> The data:
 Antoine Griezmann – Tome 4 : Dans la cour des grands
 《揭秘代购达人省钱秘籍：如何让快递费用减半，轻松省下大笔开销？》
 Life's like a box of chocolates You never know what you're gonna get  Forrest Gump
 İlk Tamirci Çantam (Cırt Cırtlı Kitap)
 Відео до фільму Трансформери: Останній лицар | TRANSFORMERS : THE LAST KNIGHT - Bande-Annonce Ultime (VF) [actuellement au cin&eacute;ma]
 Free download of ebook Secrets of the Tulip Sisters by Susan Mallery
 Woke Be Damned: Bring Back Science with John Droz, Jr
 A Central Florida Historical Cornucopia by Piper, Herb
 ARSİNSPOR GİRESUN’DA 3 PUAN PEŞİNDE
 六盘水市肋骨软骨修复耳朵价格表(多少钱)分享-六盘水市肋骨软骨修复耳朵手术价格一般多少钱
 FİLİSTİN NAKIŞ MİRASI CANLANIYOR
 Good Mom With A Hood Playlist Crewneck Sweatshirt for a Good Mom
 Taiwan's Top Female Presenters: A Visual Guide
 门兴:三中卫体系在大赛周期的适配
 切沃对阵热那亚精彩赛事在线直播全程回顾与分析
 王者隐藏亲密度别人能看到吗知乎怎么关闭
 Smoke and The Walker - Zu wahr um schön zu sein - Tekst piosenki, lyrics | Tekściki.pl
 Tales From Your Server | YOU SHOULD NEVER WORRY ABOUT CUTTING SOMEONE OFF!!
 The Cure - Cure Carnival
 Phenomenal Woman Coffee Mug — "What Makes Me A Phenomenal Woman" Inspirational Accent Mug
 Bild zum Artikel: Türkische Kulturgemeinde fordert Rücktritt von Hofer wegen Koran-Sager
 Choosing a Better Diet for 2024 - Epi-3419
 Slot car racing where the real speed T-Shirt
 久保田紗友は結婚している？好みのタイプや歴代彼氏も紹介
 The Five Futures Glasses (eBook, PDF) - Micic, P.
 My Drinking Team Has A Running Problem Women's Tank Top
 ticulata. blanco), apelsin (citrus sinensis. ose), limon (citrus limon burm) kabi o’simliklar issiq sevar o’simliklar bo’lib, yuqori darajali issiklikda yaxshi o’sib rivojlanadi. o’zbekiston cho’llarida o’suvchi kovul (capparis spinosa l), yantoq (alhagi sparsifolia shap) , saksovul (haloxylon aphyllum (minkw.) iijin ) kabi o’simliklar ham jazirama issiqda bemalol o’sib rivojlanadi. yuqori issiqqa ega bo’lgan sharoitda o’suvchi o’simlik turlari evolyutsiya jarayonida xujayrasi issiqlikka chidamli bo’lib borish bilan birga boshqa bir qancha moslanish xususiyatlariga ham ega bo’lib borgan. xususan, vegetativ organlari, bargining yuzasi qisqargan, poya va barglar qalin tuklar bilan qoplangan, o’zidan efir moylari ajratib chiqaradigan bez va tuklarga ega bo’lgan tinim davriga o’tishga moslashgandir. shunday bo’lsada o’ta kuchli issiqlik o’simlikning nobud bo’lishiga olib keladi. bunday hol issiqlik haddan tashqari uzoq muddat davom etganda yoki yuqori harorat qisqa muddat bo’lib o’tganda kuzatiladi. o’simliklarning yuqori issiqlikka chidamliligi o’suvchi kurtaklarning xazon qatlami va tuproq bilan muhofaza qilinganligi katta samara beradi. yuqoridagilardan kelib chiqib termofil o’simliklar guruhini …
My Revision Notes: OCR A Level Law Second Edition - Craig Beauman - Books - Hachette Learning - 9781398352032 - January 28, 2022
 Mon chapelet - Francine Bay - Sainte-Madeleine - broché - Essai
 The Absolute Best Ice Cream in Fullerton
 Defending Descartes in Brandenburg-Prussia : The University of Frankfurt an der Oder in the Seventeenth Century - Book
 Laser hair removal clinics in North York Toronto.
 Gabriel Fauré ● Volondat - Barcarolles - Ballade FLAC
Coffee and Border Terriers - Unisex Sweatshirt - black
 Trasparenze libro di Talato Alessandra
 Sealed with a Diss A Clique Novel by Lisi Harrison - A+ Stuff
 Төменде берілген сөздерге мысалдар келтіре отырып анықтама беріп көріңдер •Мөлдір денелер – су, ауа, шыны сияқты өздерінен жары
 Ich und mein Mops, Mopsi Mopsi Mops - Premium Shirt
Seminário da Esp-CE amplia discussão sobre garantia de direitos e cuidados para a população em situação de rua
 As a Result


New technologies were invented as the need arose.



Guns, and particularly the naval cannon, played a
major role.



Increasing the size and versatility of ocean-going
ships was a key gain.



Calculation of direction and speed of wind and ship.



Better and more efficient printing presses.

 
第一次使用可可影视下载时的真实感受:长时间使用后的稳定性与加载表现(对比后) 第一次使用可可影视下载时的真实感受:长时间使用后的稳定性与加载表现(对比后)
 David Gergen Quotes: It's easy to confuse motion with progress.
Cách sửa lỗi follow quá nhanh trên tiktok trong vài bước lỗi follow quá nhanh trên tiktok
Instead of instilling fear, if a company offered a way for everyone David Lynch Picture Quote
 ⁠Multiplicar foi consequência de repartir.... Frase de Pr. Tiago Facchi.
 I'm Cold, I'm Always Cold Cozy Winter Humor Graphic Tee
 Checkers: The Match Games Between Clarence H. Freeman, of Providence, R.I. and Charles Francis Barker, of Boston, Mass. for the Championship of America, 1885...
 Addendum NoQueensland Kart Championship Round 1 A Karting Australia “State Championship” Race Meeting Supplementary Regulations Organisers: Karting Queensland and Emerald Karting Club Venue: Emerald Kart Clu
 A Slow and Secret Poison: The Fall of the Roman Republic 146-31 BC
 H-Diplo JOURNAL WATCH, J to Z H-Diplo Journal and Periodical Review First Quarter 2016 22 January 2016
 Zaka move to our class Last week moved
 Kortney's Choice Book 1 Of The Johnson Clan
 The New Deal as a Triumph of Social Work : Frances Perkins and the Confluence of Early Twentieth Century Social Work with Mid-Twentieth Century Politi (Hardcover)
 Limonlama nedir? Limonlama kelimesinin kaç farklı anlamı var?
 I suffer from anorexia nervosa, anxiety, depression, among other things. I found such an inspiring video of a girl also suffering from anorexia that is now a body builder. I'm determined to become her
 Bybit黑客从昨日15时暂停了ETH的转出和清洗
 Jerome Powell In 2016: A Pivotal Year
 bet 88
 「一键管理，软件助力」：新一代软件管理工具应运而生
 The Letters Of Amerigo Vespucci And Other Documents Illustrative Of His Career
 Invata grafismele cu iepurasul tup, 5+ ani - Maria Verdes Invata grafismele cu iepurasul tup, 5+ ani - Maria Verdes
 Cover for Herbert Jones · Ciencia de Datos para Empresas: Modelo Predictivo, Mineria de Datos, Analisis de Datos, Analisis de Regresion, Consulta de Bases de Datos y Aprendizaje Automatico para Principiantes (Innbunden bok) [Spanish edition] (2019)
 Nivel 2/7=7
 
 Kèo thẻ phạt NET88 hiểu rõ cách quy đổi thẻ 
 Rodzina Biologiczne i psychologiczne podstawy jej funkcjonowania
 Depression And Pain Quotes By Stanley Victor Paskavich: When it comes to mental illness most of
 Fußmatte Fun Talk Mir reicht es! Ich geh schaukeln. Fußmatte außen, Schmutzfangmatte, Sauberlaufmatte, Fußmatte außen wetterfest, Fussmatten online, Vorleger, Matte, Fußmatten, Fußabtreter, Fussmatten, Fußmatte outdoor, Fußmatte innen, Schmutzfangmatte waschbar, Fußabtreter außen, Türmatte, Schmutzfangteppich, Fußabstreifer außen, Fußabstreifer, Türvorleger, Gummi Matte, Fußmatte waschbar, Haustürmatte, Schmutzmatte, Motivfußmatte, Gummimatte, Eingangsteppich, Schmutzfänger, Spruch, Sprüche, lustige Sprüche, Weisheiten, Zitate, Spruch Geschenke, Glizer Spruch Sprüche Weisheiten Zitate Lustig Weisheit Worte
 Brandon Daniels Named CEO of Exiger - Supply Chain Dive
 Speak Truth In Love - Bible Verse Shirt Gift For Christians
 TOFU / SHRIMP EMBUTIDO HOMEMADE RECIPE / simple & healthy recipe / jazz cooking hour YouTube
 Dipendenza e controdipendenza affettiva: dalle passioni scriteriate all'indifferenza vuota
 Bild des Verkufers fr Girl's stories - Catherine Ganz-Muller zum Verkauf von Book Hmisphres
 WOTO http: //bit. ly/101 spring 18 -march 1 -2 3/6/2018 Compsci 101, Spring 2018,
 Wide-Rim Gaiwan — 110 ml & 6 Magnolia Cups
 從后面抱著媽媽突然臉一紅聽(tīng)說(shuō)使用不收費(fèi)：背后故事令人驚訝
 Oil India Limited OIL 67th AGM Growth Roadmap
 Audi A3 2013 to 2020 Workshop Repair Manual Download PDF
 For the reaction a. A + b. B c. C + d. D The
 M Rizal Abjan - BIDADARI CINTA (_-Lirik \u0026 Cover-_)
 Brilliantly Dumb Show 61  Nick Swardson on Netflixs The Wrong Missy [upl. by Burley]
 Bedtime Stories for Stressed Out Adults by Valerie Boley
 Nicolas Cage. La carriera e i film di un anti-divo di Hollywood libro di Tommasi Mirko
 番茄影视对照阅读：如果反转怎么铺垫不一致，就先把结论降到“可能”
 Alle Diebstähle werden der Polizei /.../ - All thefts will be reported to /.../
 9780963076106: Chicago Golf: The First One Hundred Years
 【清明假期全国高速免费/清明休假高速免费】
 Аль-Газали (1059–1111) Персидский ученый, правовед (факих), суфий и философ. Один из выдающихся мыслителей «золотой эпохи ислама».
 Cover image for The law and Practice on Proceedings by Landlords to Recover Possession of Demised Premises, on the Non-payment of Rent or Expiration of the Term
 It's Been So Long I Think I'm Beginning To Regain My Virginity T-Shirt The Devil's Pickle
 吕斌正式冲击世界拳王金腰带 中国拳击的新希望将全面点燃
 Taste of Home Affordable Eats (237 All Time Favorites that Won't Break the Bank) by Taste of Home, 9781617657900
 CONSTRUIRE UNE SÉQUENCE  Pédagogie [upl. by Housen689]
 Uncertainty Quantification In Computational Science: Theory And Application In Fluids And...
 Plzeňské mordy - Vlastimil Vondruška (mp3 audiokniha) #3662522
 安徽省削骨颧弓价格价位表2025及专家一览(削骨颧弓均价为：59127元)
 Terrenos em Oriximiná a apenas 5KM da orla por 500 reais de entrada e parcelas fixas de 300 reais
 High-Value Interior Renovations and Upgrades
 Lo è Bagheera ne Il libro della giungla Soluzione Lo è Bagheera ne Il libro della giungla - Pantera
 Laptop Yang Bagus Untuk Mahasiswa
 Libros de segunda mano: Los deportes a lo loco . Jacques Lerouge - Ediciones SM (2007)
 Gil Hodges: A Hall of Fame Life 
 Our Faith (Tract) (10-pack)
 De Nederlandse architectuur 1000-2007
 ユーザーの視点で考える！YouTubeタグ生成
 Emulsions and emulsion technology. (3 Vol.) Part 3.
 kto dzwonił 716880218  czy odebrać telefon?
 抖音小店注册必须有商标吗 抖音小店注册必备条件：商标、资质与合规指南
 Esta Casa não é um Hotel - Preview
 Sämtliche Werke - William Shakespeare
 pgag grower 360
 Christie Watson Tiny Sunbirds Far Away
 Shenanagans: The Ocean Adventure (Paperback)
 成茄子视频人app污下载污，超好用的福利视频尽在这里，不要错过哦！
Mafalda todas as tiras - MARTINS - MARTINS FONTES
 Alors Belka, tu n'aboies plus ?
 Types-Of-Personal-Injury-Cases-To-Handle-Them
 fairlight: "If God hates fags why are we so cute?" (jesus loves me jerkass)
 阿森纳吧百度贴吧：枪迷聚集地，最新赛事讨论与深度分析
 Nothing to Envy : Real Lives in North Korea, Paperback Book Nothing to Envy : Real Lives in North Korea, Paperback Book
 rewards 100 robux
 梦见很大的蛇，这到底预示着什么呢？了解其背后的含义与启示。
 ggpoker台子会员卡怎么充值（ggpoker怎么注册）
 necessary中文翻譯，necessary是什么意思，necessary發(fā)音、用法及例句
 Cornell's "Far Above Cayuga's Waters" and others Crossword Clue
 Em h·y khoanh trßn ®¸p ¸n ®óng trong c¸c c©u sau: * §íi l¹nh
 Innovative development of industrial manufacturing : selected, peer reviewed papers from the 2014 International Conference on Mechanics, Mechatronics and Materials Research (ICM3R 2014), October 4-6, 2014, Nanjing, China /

> What the task requires:
In the listing above, find the line with "Defending Descartes in" and the line with "Ich und mein", then print exactly those two lines and every line between them, and nothing more.

> Written reply:
 Defending Descartes in Brandenburg-Prussia : The University of Frankfurt an der Oder in the Seventeenth Century - Book
 Laser hair removal clinics in North York Toronto.
 Gabriel Fauré ● Volondat - Barcarolles - Ballade FLAC
Coffee and Border Terriers - Unisex Sweatshirt - black
 Trasparenze libro di Talato Alessandra
 Sealed with a Diss A Clique Novel by Lisi Harrison - A+ Stuff
 Төменде берілген сөздерге мысалдар келтіре отырып анықтама беріп көріңдер •Мөлдір денелер – су, ауа, шыны сияқты өздерінен жары
 Ich und mein Mops, Mopsi Mopsi Mops - Premium Shirt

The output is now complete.